Numbers can be regarded as product of its factors. For example,

8 = 2 x 2 x 2;
  = 2 x 4.

Write a function that takes an integer n and return all possible combinations of its factors.

**Note: **

1. You may assume that n is always positive.
2. Factors should be greater than 1 and less than n.

**Examples: **

input: 1
output: 
[]

input: 37
output: 
[]

input: 12
output:
[
  [2, 6],
  [2, 2, 3],
  [3, 4]
]

input: 32
output:
[
  [2, 16],
  [2, 2, 8],
  [2, 2, 2, 4],
  [2, 2, 2, 2, 2],
  [2, 4, 4],
  [4, 8]
]

一刷
题解： DFS + backtracking， 265 ms

public class Solution {
    public List<List<Integer>> getFactors(int n) {
        List<List<Integer>> res = new ArrayList<>();
        List<Integer> list = new ArrayList<>();
        dfs(res, list, n, 2);
        return res;
    }
    
    public void dfs(List<List<Integer>> res, List<Integer> list, int n, int start){
        if(n<=1){
            if(list.size()>1) res.add(new ArrayList<>(list));
            return;
        }
        
//由于end可能包含自己，如4=2*2，第二次recursion传入2，于是有等号，list加入res时要判断size是否大于1
        for(int i=start; i<=n; i++){
            if(n%i == 0){
                list.add(i);
                dfs(res, list, n/i, i);
                list.remove(list.size()-1);
            }
        }
    }
}

方法2， factor都是成双成对出现的，例如如果n%i == 0, 那么 {i, n/i}一定是满足条件的一个解。

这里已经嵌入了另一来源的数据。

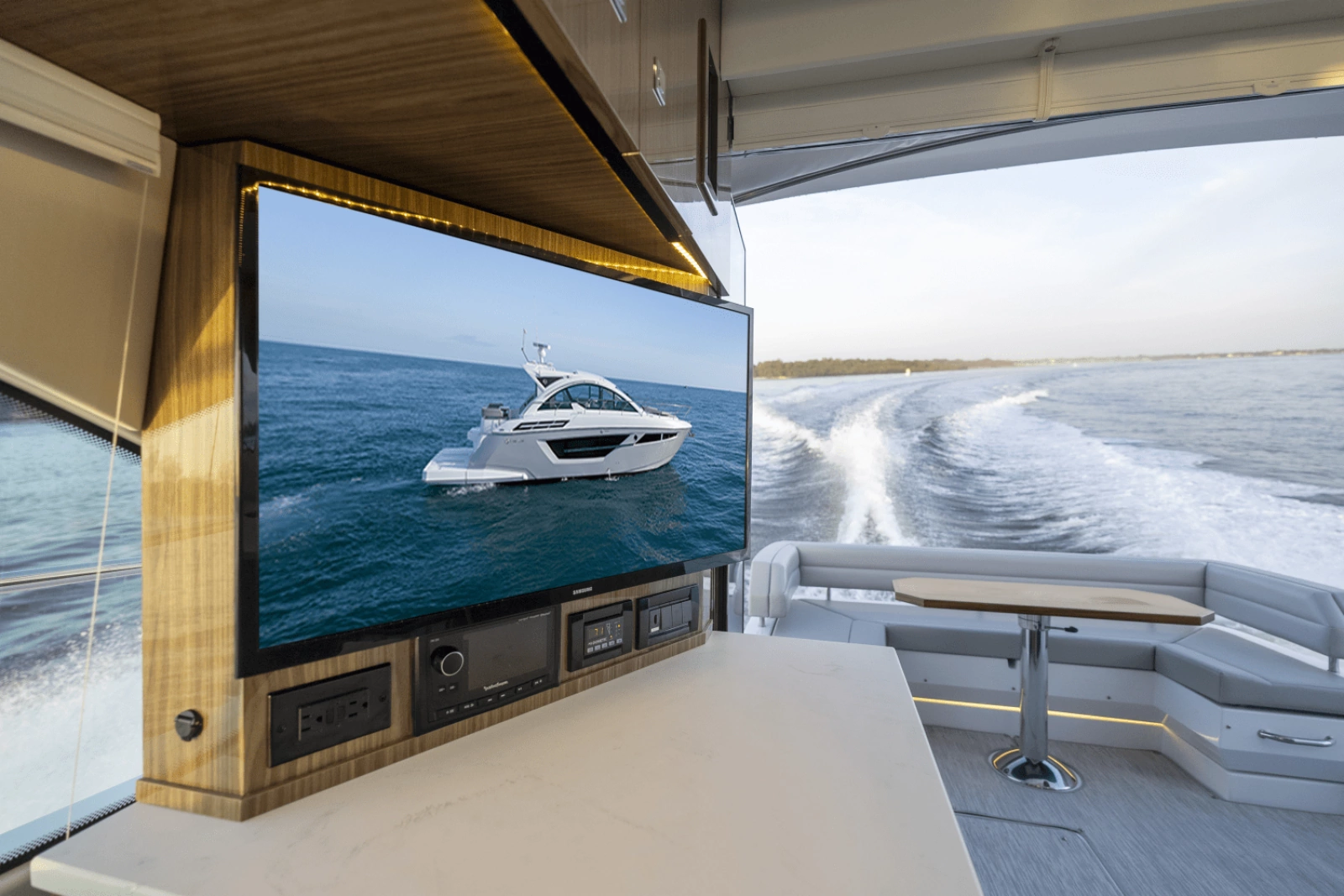 2024 Cruisers Yachts 50 Cantius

2ms

public class Solution {
    public List<List<Integer>> getFactors(int n) {
        List<List<Integer>> ret = new LinkedList<List<Integer>>();
        if(n <= 3)  return ret;
        List<Integer> path = new LinkedList<Integer>();
        getFactors(2, n, path, ret);
        return ret;
    }
    
    private void getFactors(int start, int n, List<Integer> path, List<List<Integer>> ret){
       for(int i = start; i <= Math.sqrt(n); i++){
           if(n % i == 0 && n/i >= i){  // The previous factor is no bigger than the next
               path.add(i);
               path.add(n/i);
               ret.add(new LinkedList<Integer>(path));
               path.remove(path.size() - 1);
//下次的start = I, 保证不会再拆出比左边更小的，避免重复
               getFactors(i, n/i, path, ret);
               path.remove(path.size() - 1);
           }
       }
    }
}

二刷
同上

public class Solution {
    public List<List<Integer>> getFactors(int n) {
        List<List<Integer>> res = new ArrayList<>();
        List<Integer> path = new ArrayList<>();
        helper(2, n, path, res);
        return res;
    }
    
    private void helper(int start, int n, List<Integer> path, List<List<Integer>> res){
        int sqrt = (int) Math.sqrt(n);
        for(int i=start; i<=sqrt; i++){
            if(n%i == 0){
                path.add(i);
                path.add(n/i);
                res.add(new ArrayList<Integer>(path));
                path.remove(path.size()-1);
                helper(i, n/i, path, res);
                path.remove(path.size() - 1);
            }
        }
    }
}